"Senate Republicans are now privately threatening to derail the confirmation of key Obama administration nominees for top legal positions by linking the votes to suppressing critical torture memos from the Bush era. A reliable Justice Department source advises me that Senate Republicans are planning to "go nuclear" over the nominations of Dawn Johnsen as chief of the Office of Legal Counsel (OLC) in the Department of Justice and Yale Law School Dean Harold Koh as State Department legal counsel if the torture documents are made public. The source says these threats are the principal reason for the Obama administration's abrupt pull back last week from a commitment to release some of the documents. A Republican Senate source confirms the strategy. It now appears that Republicans are seeking an Obama commitment to safeguard the Bush administration's darkest secrets in exchange for letting these nominations go forward. (...)
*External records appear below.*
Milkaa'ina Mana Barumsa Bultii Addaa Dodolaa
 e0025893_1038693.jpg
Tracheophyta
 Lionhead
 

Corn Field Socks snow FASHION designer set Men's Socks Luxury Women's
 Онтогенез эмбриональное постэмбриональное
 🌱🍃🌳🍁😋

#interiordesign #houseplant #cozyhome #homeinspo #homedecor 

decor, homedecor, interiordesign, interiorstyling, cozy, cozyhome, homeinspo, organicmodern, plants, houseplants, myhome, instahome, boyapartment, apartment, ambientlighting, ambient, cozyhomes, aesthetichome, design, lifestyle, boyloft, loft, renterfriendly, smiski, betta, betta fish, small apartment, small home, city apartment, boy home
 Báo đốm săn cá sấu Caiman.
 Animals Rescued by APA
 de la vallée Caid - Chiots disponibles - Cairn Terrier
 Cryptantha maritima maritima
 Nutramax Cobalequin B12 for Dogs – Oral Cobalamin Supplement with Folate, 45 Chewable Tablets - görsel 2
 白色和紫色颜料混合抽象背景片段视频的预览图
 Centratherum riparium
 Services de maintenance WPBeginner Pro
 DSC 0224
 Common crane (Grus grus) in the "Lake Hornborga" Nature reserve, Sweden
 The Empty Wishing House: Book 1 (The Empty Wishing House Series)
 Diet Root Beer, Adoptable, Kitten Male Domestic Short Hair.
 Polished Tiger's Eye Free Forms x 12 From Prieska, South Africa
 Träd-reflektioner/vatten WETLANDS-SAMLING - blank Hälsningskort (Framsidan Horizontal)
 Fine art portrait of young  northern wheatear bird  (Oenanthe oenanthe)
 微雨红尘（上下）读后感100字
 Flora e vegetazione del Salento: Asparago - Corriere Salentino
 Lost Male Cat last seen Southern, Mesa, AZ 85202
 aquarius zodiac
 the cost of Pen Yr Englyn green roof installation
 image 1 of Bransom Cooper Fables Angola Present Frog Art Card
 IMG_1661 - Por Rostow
The Justice Department source confirms to me that Brennan has consistently opposed making public the torture memos -- and any other details about the operations of the extraordinary renditions program -- but this source suggests that concern about the G.O.P.'s roadblock in the confirmation process is the principle reason that the memos were not released. Republican senators have expressed strong reservations about their promised exposure, expressing alarm that a critique of the memos by Justice's ethics office (Office of Professional Responsibility) will also be released. "There was no 'direct' threat," said the source, "but the message was communicated clearly -- if the OLC and OPR memoranda are released to the public, there will be war." This is understood as a threat to filibuster the nominations of Johnsen and Koh. Not only are they among the most prominent academic critics of the torture memoranda, but are also viewed as the strongest advocates for release of the torture memos on Obama's legal policy team.[snip]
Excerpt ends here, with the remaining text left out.